# Just To Get Huge!



## GetSwullll (Jun 6, 2007)

Just wonderen some good routines to really get some size on. I'm a personal trainer so I have around 5 years of experience but not so much in size. Here's what im doing now but I wanted to know what will really just add some size to me for now.

4 Sets of 3-5 on first big exercise per body part
3 sets of 6 reps on everything else with random drop sets and failure sets to help tear down the muscle.

All advice welcome.


----------



## needsomeinfo (Jun 8, 2007)

That is too much volume for consistent hypertrophy. 

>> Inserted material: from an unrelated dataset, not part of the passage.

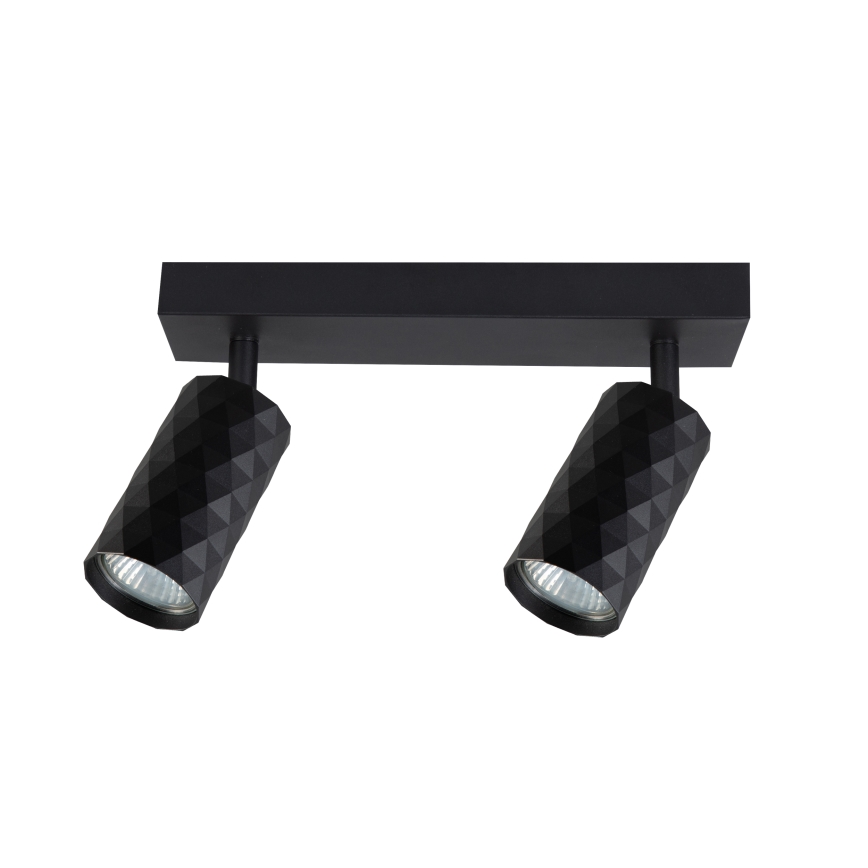 Brilagi - LED RGBW prigušiva spot svetiljka SELE DIAMANT 2xGU10/4,8W/230V 3000K crna + daljinski upravljač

Total body workout no more than twice a week. There is a sticky in this forum somewhere.


----------



## oldfella (Aug 4, 2007)

One BP per day 5 days. So you can put good volume in to each muscle group and then let it rest and recover for a week and hit it again.


----------



## fleabag711 (Sep 4, 2007)

Even with a cycle of anadrol,deca and test blend.  Is this 4 real. I know it takes like 5 day's to recover or rebuild completely.. But It's just hard to believe that You only hit chest once in a 5 day period. Wow. I thought u could do it every other day for max gains??


----------



## oldfella (Sep 5, 2007)

Part of the key to serious growth is allowing the muscle to rest and recover. yes AAS will speed up this process, but let's not forget you would be getting some other training to chest when you hit tri's, shoulders, and legs.......yes that's right, you will use your chest and just about every other muscle in the body when training legs properly. The squat will engage every major muscle group you own. This also applies to all the other groups in the body. So once a week, with the right volume and intensity will result in some excellent gains and will not put you in an overtrained state. I have trained this way for many years and still make good gains with it. I use a high volume approach and train heavy!


----------



## GetSwullll (Sep 8, 2007)

I know it's different for everyone. But, if im looking to get just size, what type of reps and sets do i do? Lots of supersets, etc....?


----------



## ASHOP (Dec 12, 2007)

GetSwullll said:
			
		

> Just wonderen some good routines to really get some size on. I'm a personal trainer so I have around 5 years of experience but not so much in size. Here's what im doing now but I wanted to know what will really just add some size to me for now.
> 
> 4 Sets of 3-5 on first big exercise per body part
> 3 sets of 6 reps on everything else with random drop sets and failure sets to help tear down the muscle.
> ...




do some research (google) on DC STYLE training (DOGGCRAPP) Maybe even look into HIT training.


----------